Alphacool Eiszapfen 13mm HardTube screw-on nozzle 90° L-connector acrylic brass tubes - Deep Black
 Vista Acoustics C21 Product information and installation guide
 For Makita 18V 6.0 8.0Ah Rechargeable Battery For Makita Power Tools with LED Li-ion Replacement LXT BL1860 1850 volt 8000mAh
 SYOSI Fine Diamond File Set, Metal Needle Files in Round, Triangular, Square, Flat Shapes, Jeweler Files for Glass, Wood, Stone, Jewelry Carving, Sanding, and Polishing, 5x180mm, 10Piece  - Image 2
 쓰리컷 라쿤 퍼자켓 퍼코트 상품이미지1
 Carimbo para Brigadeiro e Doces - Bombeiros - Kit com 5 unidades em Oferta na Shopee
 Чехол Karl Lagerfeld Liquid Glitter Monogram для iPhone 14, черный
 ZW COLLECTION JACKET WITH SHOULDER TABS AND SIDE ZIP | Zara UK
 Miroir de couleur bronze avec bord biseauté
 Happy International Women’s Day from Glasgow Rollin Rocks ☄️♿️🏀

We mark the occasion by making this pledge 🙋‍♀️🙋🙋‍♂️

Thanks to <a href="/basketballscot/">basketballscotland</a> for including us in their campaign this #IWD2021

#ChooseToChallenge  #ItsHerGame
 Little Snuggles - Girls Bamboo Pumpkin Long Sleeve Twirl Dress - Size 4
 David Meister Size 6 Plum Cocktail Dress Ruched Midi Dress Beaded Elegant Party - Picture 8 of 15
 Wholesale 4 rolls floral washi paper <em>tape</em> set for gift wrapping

YOUR GOAL: Where a line in the records above includes the string "this", show it.

OUTPUT OF THE EXERCISE:
We mark the occasion by making this pledge 🙋‍♀️🙋🙋‍♂️
Thanks to <a href="/basketballscot/">basketballscotland</a> for including us in their campaign this #IWD2021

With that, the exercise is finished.